Extreme Programming Explained

ExtremeProgramming XP is a style of software development focusing on excellent application of programming techniques, clear communication, and teamwork which allow us to accomplish things we previously could not even imagine. XP Includes:
  • A philosophy of software development based on the values of communication, feedback, simplicity, courage, and respect.
  • A body of practices proven useful in improving software development, The practices complement each er, amplifying their effects. The are chosen as expressions of the values.
  • It’s short development cycles, resulting in early, concrete, and continuing feedback.
  • XP is a lightweight methodology for small-to-medium-sized teams developing software in the face of vague or rapidly changing requirements.
  • XP Creates and maintains a comprehensive suite of automated tests, which are run and rerun after every change to ensure a quality baseline.
  • XP always keeps the system in deployable condition. Problems are not allowed to accumulate.
  • XP insists that only the highest priority task are addressed.
  • XP asks programmers to accept responsibility for estimating and completing their own work, gives them feedback about the actual time taken so their estimates can improve, and respects those estimates.
  • XP is like driving because: “Driving is not about getting the car going in the right direction. Driving is about constantly paying attention, making a little correction this way, a little correction that way.” This is the paradigm for XP, Stay aware. Adapt. Change.
  • XP embraces five values to guide development: communication, simplicity, feedback, courage, and respect.

Communication: When you encounter a problem, ask yourselves if the problem was caused by a lack of communication.

Simplicity: Is the most intensely intellectual of the XP values.

Feedback: XP teams strive to generate as much feedback as they can handle as quickly as possible. They try to shorten the feedback cycle to minutes or hours instead of weeks or months. The sooner you know, the sooner you can adapt.

Courage: Is effective action in the face of fear. Sometimes courage manifest as a bias to action. If you know what the problem is, do something about it. Sometimes courage manifest as patience. If you there is a problem but you don’t know what it is, it takes courage to wait for the real problem to emerge distinctly.

Respect: If members of a team don’t care about each other and what they are doing, XP won’t work. If members of a team don’t care about a project, nothing can save it. For software development to simultaneously improve in humanity and productivity, the contributions of each person on the team need to be respected. I am important and so are you.


Humanity: People develop software, that’s the way because we need to pay attention to: Basic Safety, Accomplishment (Opportunity to contribute to their society), Belonging (The ability to identify with a group from which they receive validation and accountability and contribute to its shared goals), Growth (Opportunity to expand their skills and perspective). Intimacy (The ability to understand and be understood deeply by others).

Economics: Solving the highest priority business need first maximizes the value of the project.

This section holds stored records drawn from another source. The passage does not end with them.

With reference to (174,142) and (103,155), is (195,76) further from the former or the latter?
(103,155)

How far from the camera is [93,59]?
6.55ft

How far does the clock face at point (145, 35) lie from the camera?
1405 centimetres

Mutual Benefit: I write automated tests that help me design and implement better today, I leave these tests for future programmers to use as well. This practice benefits me now and maintainers down the road. I carefully refactor to remove accidental complexity, giving me both satisfaction and fewer defects and making the code easier to understand for those who encounter later. Mutual benefit is the most important XP principle.

Diversity: In order to think of multiple ways to solve problems, and to implement solutions. Development teams need diversity. Two ideas about design present an opportunity, not a problem. The principle of diversity suggest that the programmers should work together on the problem and both opinions should be valuated.

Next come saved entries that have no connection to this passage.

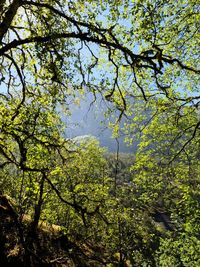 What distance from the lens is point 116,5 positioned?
1198 cm

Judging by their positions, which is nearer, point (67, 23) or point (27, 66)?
point (67, 23)

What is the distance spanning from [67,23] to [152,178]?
10.9m

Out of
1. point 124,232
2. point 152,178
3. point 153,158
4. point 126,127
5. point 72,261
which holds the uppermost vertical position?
point 126,127

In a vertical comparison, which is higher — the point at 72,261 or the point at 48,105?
the point at 48,105

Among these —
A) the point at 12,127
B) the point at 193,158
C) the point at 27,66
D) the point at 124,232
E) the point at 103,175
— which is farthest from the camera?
the point at 103,175

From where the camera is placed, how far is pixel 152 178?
19.3 meters

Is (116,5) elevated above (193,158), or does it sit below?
above

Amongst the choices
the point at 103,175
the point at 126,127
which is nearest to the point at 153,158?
the point at 126,127

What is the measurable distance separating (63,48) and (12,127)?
391 centimetres

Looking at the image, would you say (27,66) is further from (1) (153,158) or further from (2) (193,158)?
(2) (193,158)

Opportunity: Choosing to transform each problem into an opportunity for personal growth, deepening relationships, and improved software.

Failure: If you’re having trouble succeeding, fail. Don’t know which of the three ways to implement a story? Try it all three ways. Even if they all fail, you’ll certainly learn something valuable.

Quality: Projects don’t go faster by accepting lower quality. The don’t go slower by demanding higher quality. Pushing quality higher often results in faster delivery; while lowering quality standards often results in later, less predictable delivery.

Responsibility: cannot be assigned; it can only be accepted, if someone tries to give you responsibility, only you can decide if you are responsible or if you aren’t.

Primary Practices

Whole Team: People need a sense of “team”:

  • We belong.
  • We are in this together.
  • We support each other’s work, growth, and learning.

Stories: When your team are doing estimation be sure that your story has all constraints in that case the team can split in task and do it in a informed decision way.

Pair Programming

  • Keep each other on task.
  • Brainstorm refinements to the system.
  • Clarify ideas.
  • Take initiative when their partner is stuck, thus lowering frustration.
  • Hold each other accountable to the team’s practices. In addition: Rotate pairs frequently, personal hygiene and health are important issues when pairing.